Improving parallel loop performance by using `numpy` for allocations

artemsolod · November 8, 2024, 2:04pm

This example might be interesting to help understand what performance improvement still can be made in multi-threaded worklfows. There was a related discussion on memory management in numpy not long ago Why is Julia's performance more sensitive to memory allocations than Numpy's?.

Thanks to recent updates in PythonCall.jl multithreading it is now possible to to call python from julia threads. I often notice GC overhead in parallel loops so decided to explore if naively delegating memory management to numpy can help - and it appears to work. There is also an implementation with Bumper.jl but it is still slower than calling numpy.

I’d be interested to hear if an experiment like this is valid. The code is run with julia +release -t 8 --gcthreads 8,1 mem_alloc_pythoncall_script.jl. I have also tried running on nightly - no big improvements there.

@time f_py(); # 3.143514 seconds (4.12 M allocations: 206.531 MiB, 4.55% gc time, 423.79% compilation time)
@time f_jl(); # 1.498249 seconds (109.24 k allocations: 2.992 GiB, 24.85% gc time, 54.26% compilation time)
@time f_bumper(); # 0.918397 seconds (237.78 k allocations: 11.769 MiB, 206.76% compilation time)

GC.gc()
@time f_py(); # 0.398718 seconds (1.76 k allocations: 55.578 KiB)

GC.gc()
@time f_jl(); # 1.142241 seconds (164 allocations: 2.986 GiB, 36.85% gc time)

GC.gc()
@time f_bumper(); # 0.626195 seconds (100 allocations: 9.016 KiB)

And the code:

ENV["JULIA_CONDAPKG_BACKEND"] = "Null"
using PythonCall
np = pyimport("numpy")

using Bumper

function f_jl()
    n = 5 * Threads.nthreads()
    out = zeros(n)
    Threads.@threads :static for i in 1:n
        N = 10_000_000 + i*1000
        arr = Vector{Float64}(undef, N)
        arr .= 1
        out[i] = minimum(arr)
    end
    out
end

function f_py()
    n = 5 * Threads.nthreads()
    out = zeros(n)
    PythonCall.GIL.@unlock Threads.@threads :static for i in 1:n
        N = 10_000_000 + i*1000 # make sizes different between calls
        arr = PythonCall.GIL.@lock PyArray(np.zeros(N))
        arr .= 1
        out[i] = minimum(arr)
        arr = nothing
        PythonCall.GIL.@lock PythonCall.GC.gc() # trying to ensure fair comparison
    end
    out
end

function f_bumper()
    n = 5 * Threads.nthreads()
    out = zeros(n)
    Threads.@threads :static for i in 1:n
        @no_escape begin
            N = 10_000_000 + i*1000
            arr = @alloc(Float64, N)
            arr .= 1
            out[i] = minimum(arr)
        end
    end
    out
end

photor · November 8, 2024, 2:29pm

Interesting, I will give it a try.

artemsolod · November 10, 2024, 4:11pm

Speed gains are visible in single-threaded workloads also.
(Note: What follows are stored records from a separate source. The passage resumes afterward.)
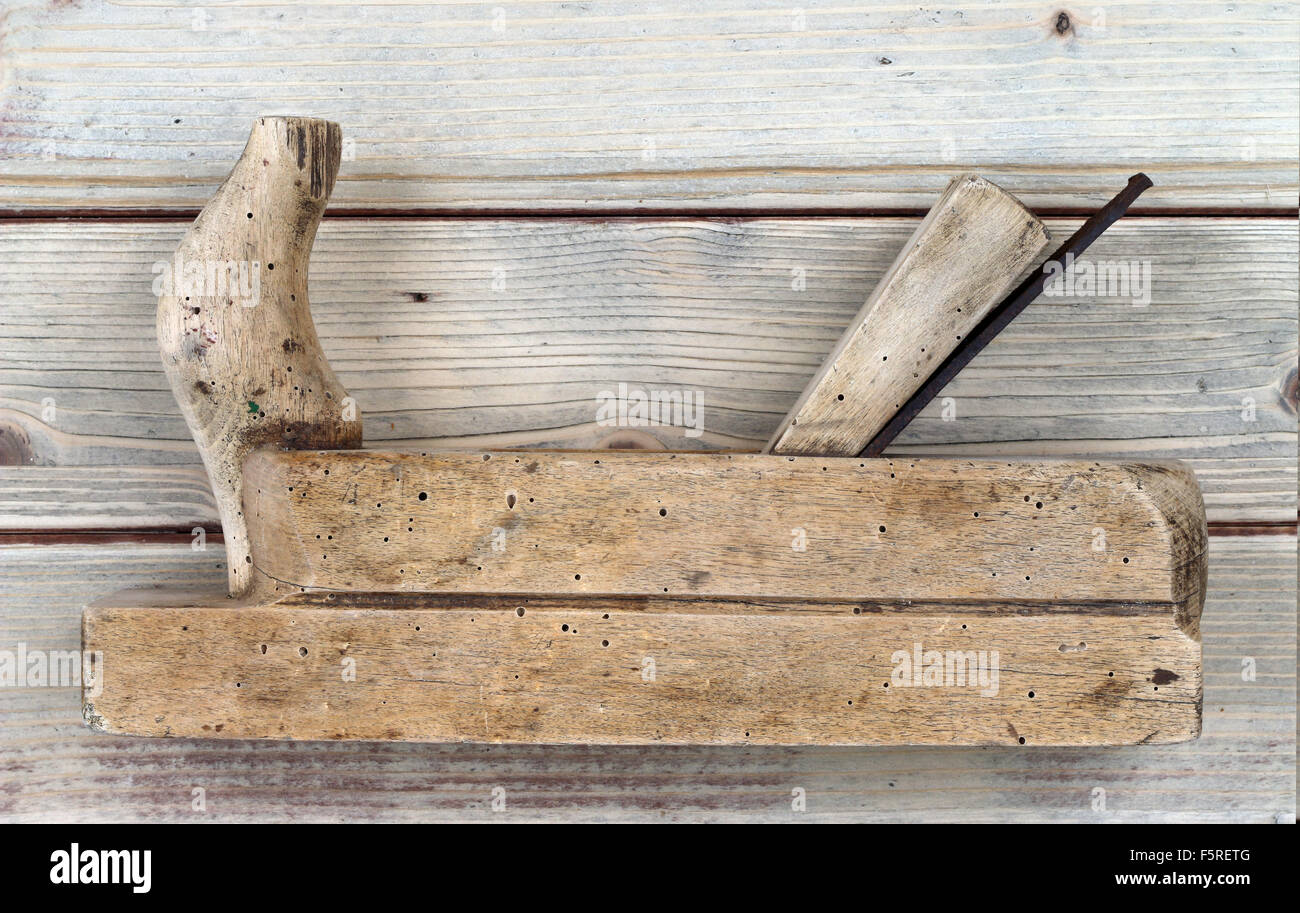 Hand tool - wood planer Stock Photo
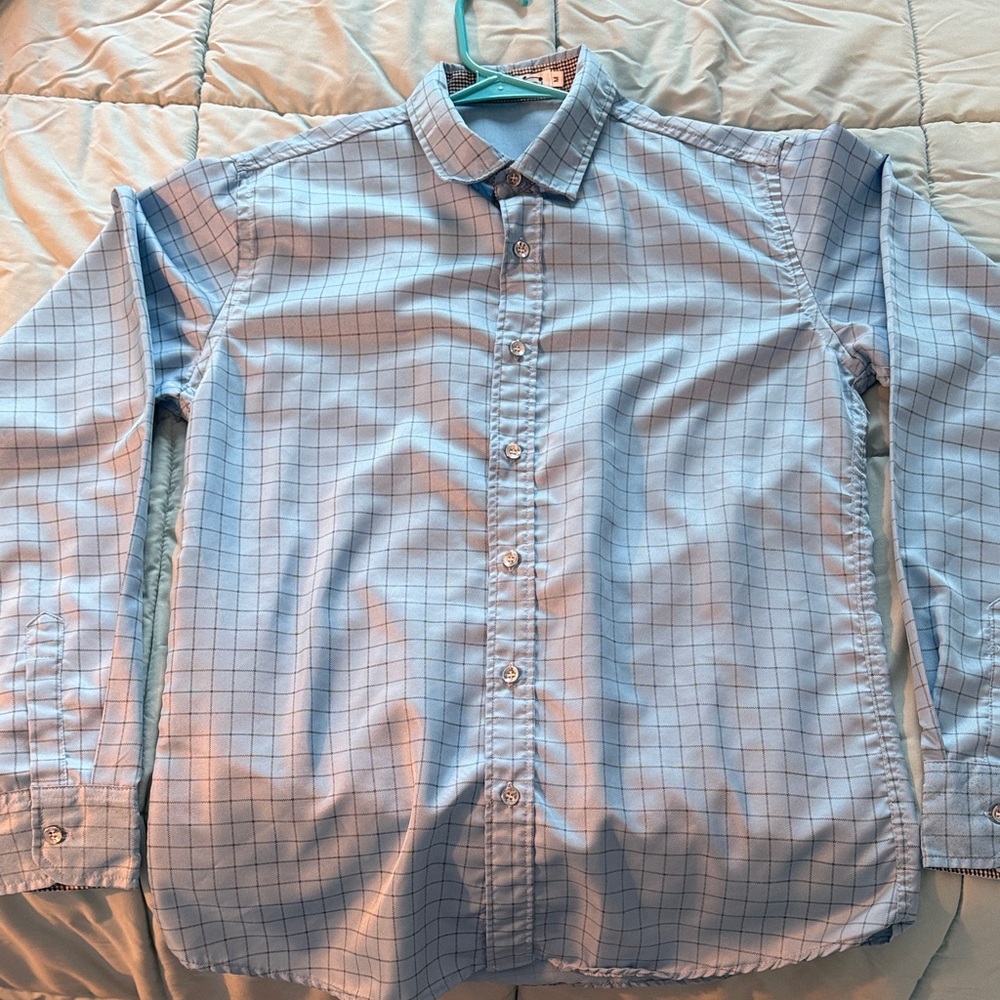 Classic Light Blue Checkered Dress Shirt
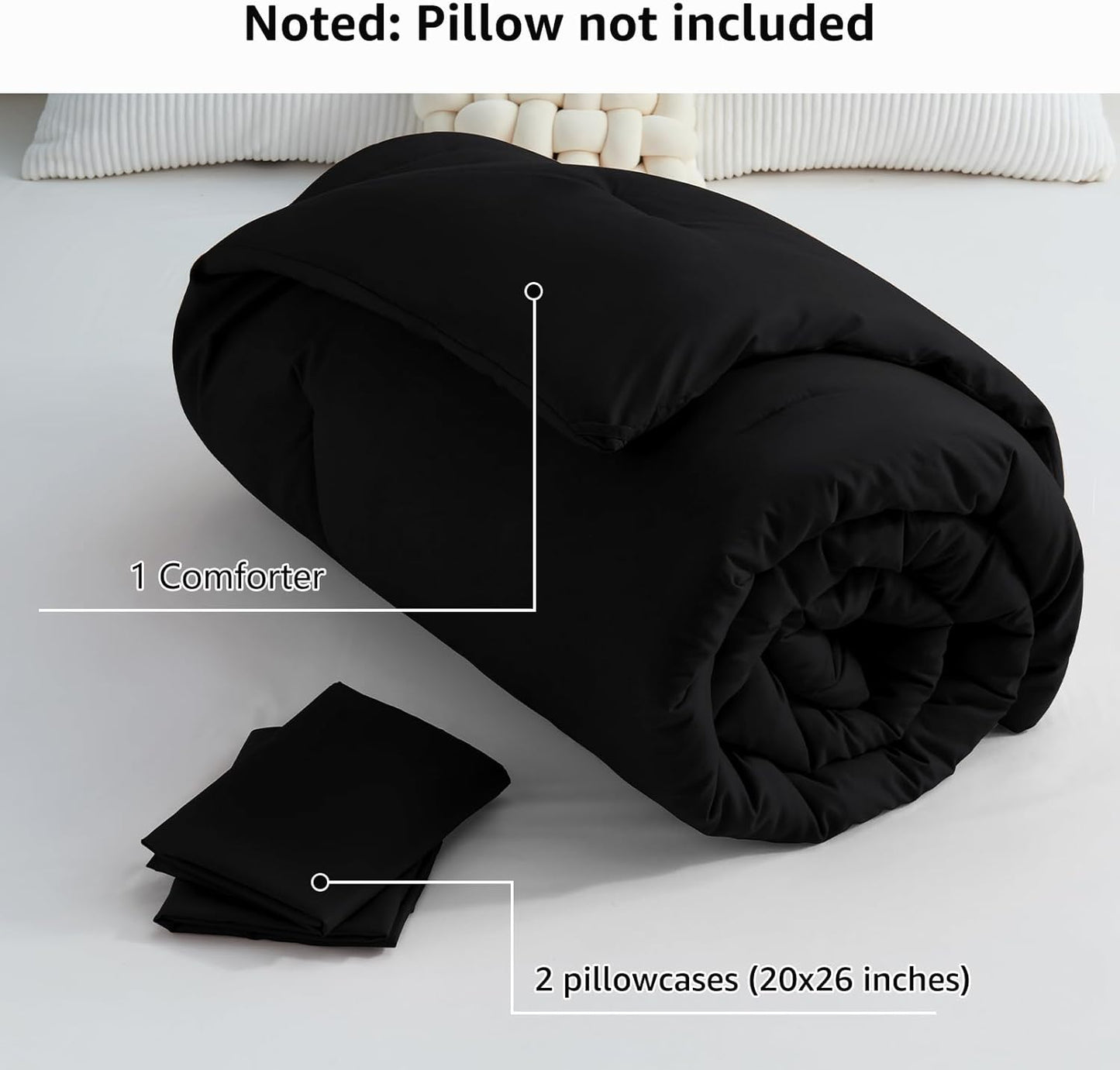 Queen Comforter Set Black, 3 Pieces Solid Queen Comforter Breathable Quilted Style Bedding Sets, Luxury Soft Microfiber down Alternative Comforter for All Season (1 Comforter & 2 Pillowcases)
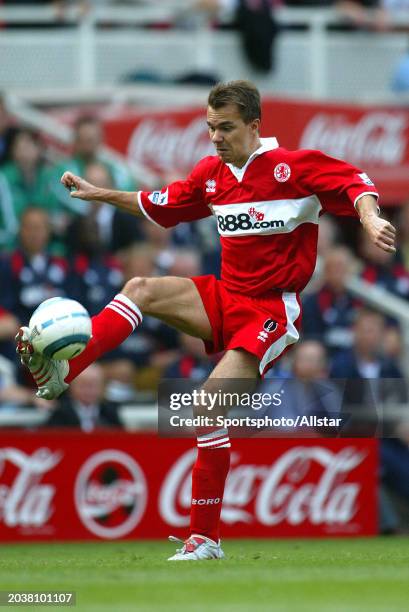 Szilard Nemeth of Middlesbrough on the ball during the Premier League match between Middlesbrough and Birmingham City at Riverside Stadium on...
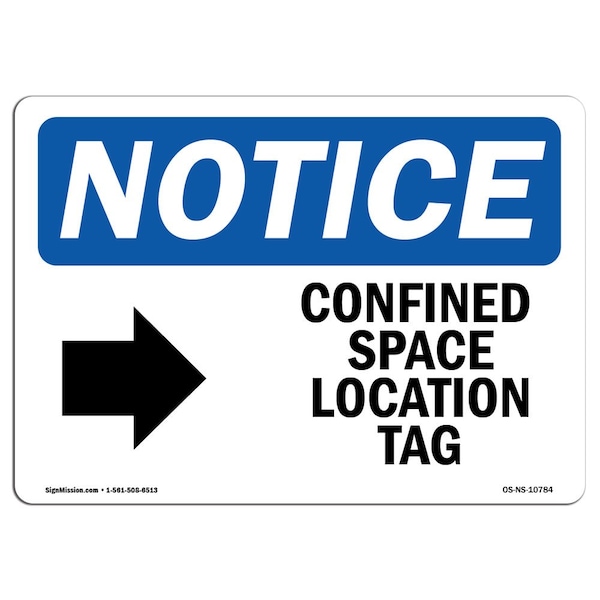 OSHA Sign, Confined Space Location Tag With Symbol, 18in X 12in Aluminum, 18" W, 12" H, Landscape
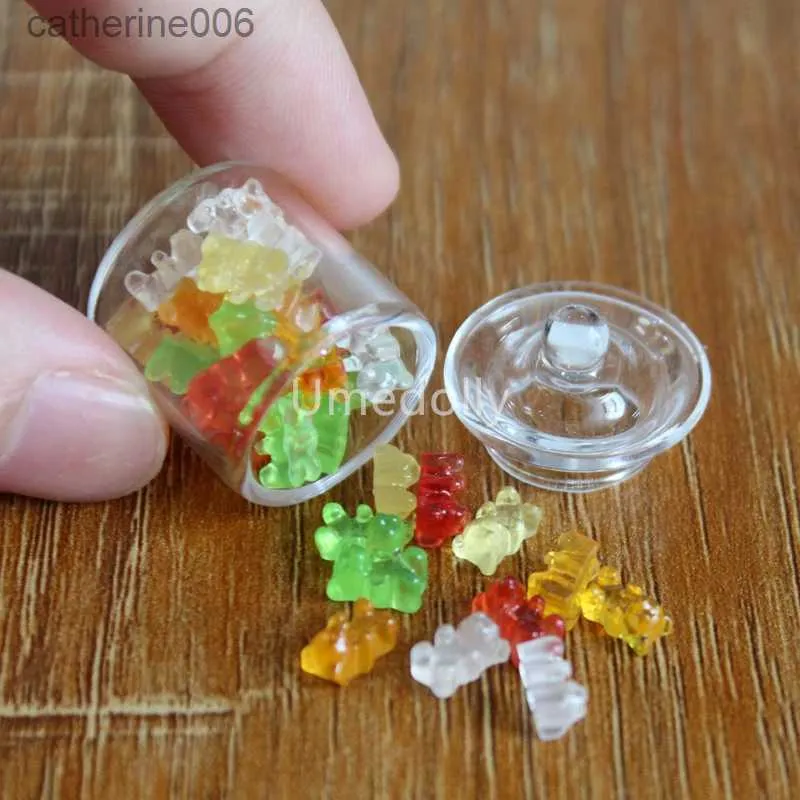 Kitchens Play Food 1/6 Scale Cute Mini Glass Candy Jar Mini Bear Jelly Drops Simulation Miniature Dollhouse Food for Barbies Blyth Doll Kitchen ToyL231026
Seemingly they are not purely due to GC pauses - the timings are similar with GC disabled. Here is an example of copy and sum a vector. Having numpy managing memory gives a good speedup on both x86 and Mac, and for different (big-ish) vector size.
Timings:

julia +release --project=. -t 1 copyadd_time.jl 
  0.256724 seconds (64.30 k allocations: 79.529 MiB, 53.59% gc time, 17.37% compilation time) # compile
  2.745950 seconds (4.35 M allocations: 218.689 MiB, 3.69% gc time, 97.00% compilation time) # compile
  0.054762 seconds (46 allocations: 1.367 KiB) # numpy/pyarray
  0.074416 seconds (4 allocations: 76.294 MiB) # native julia

Code:

ENV["JULIA_CONDAPKG_BACKEND"] = "Null" # use system-wide python installation
# otherwise install numpy for this PythonCall environment:
# ] add CondaPkg; using CondaPkg; ] conda add numpy
using PythonCall
using Random
np = pyimport("numpy")
Random.seed!(42)

function copy_jl(arr)
    sum(copy(arr))
end

function copy_np(arr)
    pymem = np.empty(length(arr))
    pyarr = PyArray(pymem)
    pyarr .= arr
    ans = sum(pyarr)
    return ans
end

arr = rand(10_000_000)

@time copy_jl(arr)
@time copy_np(arr)
GC.gc()
GC.enable(false) # doesn't matter

@time copy_np(arr)
@time copy_jl(arr)

Palli · November 10, 2024, 6:31pm

FYI: For me, Julia on recent nightly is only 6.5% slower (for min., despite, and probably because of GC activity) and Python was actually slower for mean (because of a bit loaded machine?, would also affect min) which is strange…:

julia> @benchmark f_jl()
BenchmarkTools.Trial: 19 samples with 1 evaluation.
 Range (min … max):  252.914 ms … 274.440 ms  ┊ GC (min … max):  7.57% … 14.20%
 Time  (median):     269.352 ms               ┊ GC (median):    12.63%
 Time  (mean ± σ):   267.617 ms ±   5.511 ms  ┊ GC (mean ± σ):  12.21% ±  1.51%

  ▁   ▁                        ▁      ▁ ▁▁   █▁ ▁█ ▁█▁ █      ▁  
  █▁▁▁█▁▁▁▁▁▁▁▁▁▁▁▁▁▁▁▁▁▁▁▁▁▁▁▁█▁▁▁▁▁▁█▁██▁▁▁██▁██▁███▁█▁▁▁▁▁▁█ ▁
  253 ms           Histogram: frequency by time          274 ms <

 Memory estimate: 381.60 MiB, allocs estimate: 24.

julia> @benchmark f_py()
BenchmarkTools.Trial: 12 samples with 1 evaluation.
 Range (min … max):  237.435 ms …    1.495 s  ┊ GC (min … max): 0.00% … 0.00%
 Time  (median):     245.396 ms               ┊ GC (median):    0.00%
 Time  (mean ± σ):   444.582 ms ± 400.081 ms  ┊ GC (mean ± σ):  0.00% ± 0.00%

  █                                                              
  █▄▄▁▁▁▁▁▁▁▁▁▁▁▁▁▁▄▁▁▁▁▁▁▁▁▁▁▁▁▁▁▁▁▁▁▄▁▁▁▁▁▁▁▁▁▁▁▁▁▁▁▁▁▁▁▁▁▁▁▄ ▁
  237 ms           Histogram: frequency by time           1.5 s <

 Memory estimate: 6.59 KiB, allocs estimate: 204.

julia> @btime f_py()
/bin/bash: line 1: 2581436 Killed                  ( julia +nightly )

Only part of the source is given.